REQUIRED WORK:
Nothing but the lines below from the one that contains "Antique brass compass" through the one that contains "A modern bathroom" should be retyped, exactly and including both ends. Do not include pictures.

#### DATA FOR THE TASK ####

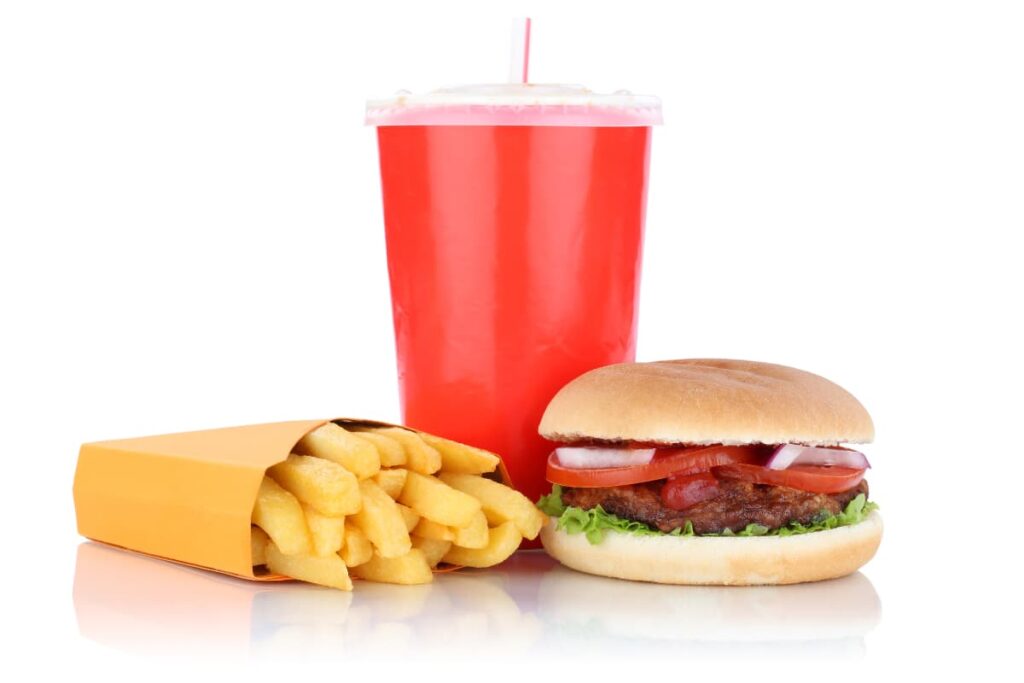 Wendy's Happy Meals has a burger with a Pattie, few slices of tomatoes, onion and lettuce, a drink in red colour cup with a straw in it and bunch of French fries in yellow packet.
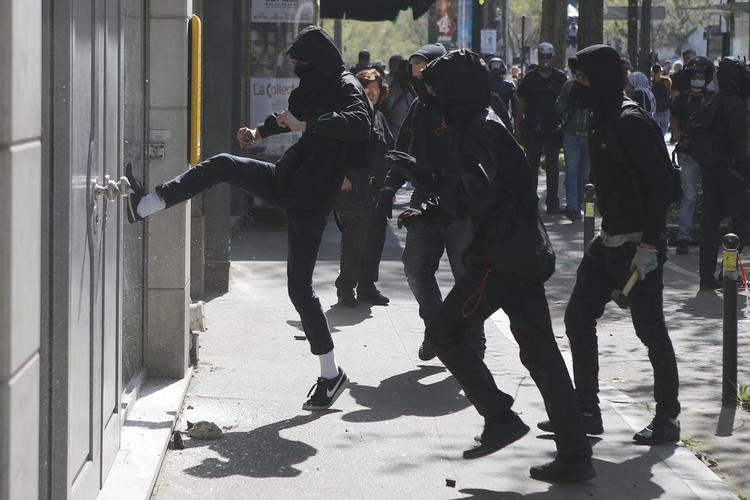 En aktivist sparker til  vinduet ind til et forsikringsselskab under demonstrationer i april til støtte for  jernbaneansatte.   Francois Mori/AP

####
#### DATA FOR THE TASK ####

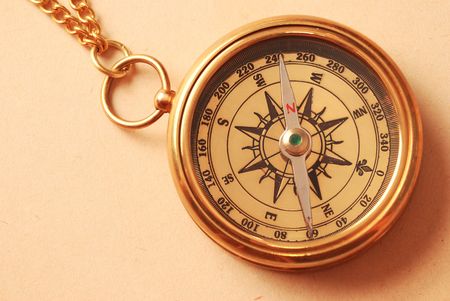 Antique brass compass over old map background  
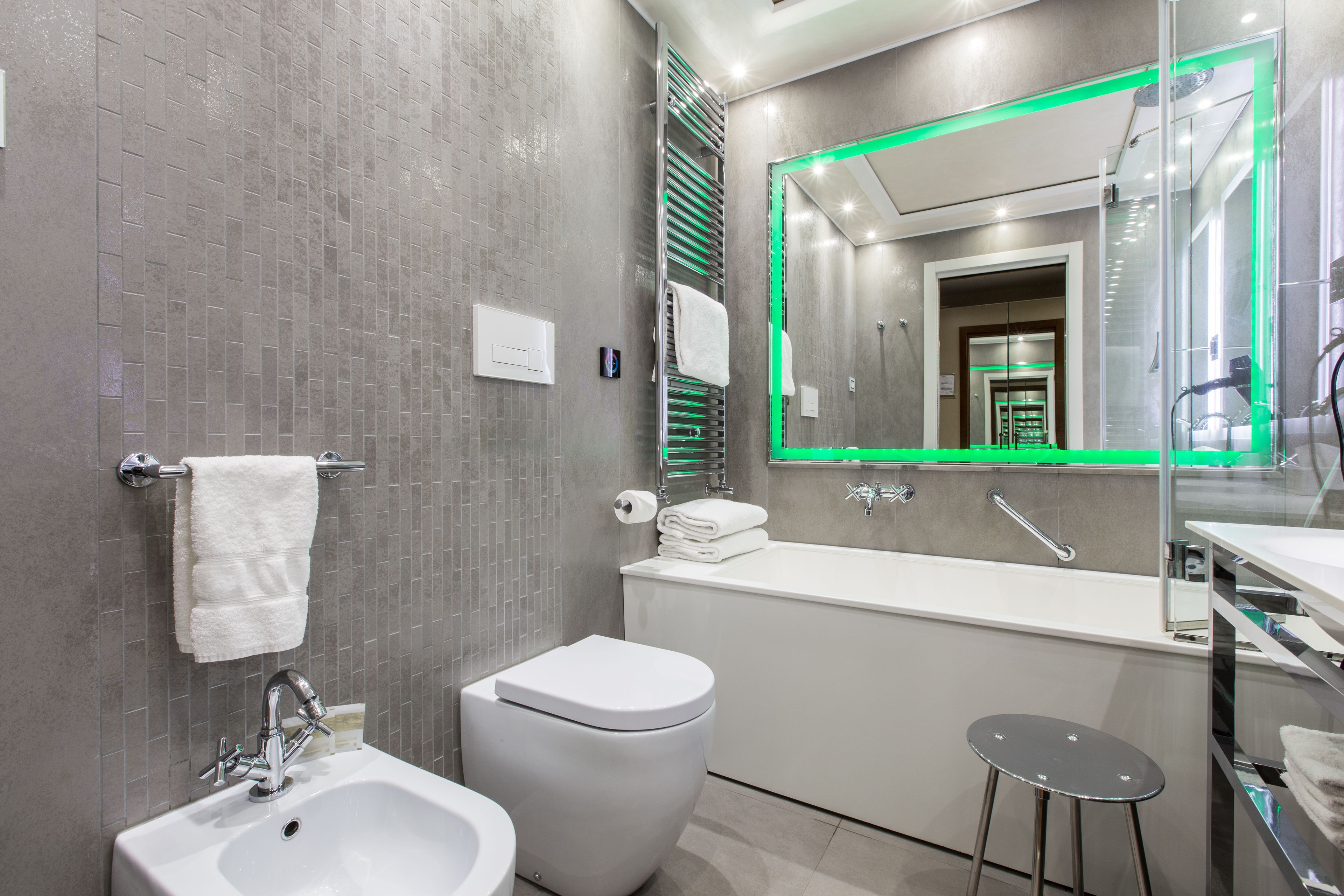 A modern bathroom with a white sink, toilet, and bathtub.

####
#### DATA FOR THE TASK ####

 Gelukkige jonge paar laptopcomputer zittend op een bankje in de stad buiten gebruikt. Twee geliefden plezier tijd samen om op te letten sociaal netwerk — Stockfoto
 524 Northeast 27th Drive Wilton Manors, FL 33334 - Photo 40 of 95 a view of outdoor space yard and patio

####

COMPLETED EXERCISE:
 Antique brass compass over old map background  
 A modern bathroom with a white sink, toilet, and bathtub.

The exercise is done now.